In addition, when the shoots are immersed in the auxin solution, the shoots may be left standing or shaken.

The time for the immersion treatment step is preferably 24 hours or longer, more preferably 40 hours or longer, still more preferably 60 hours or longer, particularly preferably 70 hours or longer, preferably 168 hours or shorter, more preferably 150 hours or shorter. , more preferably 130 hours or less, particularly preferably 100 hours or less, most preferably 90 hours or less, and most preferably 80 hours or less. This gives a better rooting rate.

The immersion treatment process is preferably performed under a controlled environment in which temperature, illumination time, etc. are controlled. For example, the temperature at which the immersion treatment step is performed is preferably 0 to 40°C, more preferably 20 to 40°C, and even more preferably 25 to 35°C. The immersion treatment step may be performed in a dark place or in a bright place, but the light conditions include, for example, 5 to 20 μmol/m ² /s illumination and 14 to 16 hours of light. is mentioned.

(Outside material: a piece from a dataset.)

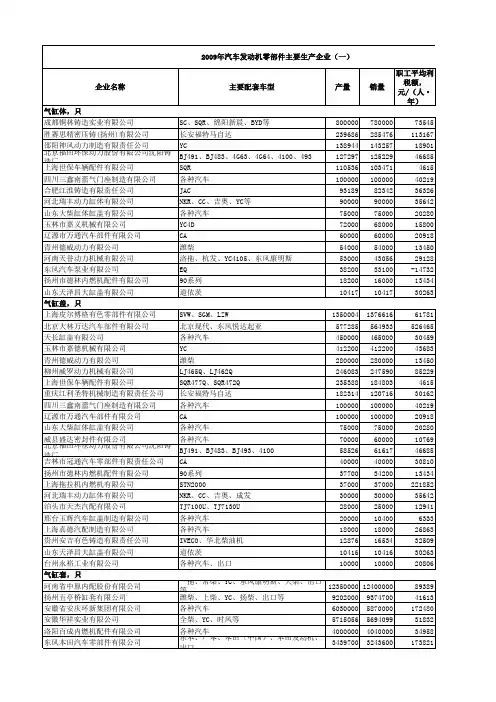 2009年汽车发动机零部件主要生产企业年度经济效益指标信息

The shoot to be subjected to the immersion treatment step is not particularly limited, and any shoot formed by any method can be used.
Also, the shoots to be subjected to the immersion treatment step are preferably pieces of shoots. For example, shoot segments cut from tissues such as axillary buds used as materials for inducing shoots are preferred.
It is also preferable to use shoots that have been cultured in an induction medium for 6 months or less.

The length of the shoot (shoot section) subjected to the immersion treatment step is preferably 10 mm or more, more preferably 15 mm or more, still more preferably 20 mm or more, preferably 100 mm or less, more preferably 80 mm or less, and even more preferably. is 50 mm or less. This gives a better rooting rate.

As the auxin-based plant hormone contained in the auxin solution, the same auxin-based plant hormone used in the induction medium can be used. Among them, indole-3-butyric acid and 1-naphthaleneacetic acid are preferred, and it is more preferred to use indole-3-butyric acid and 1-naphthaleneacetic acid in combination.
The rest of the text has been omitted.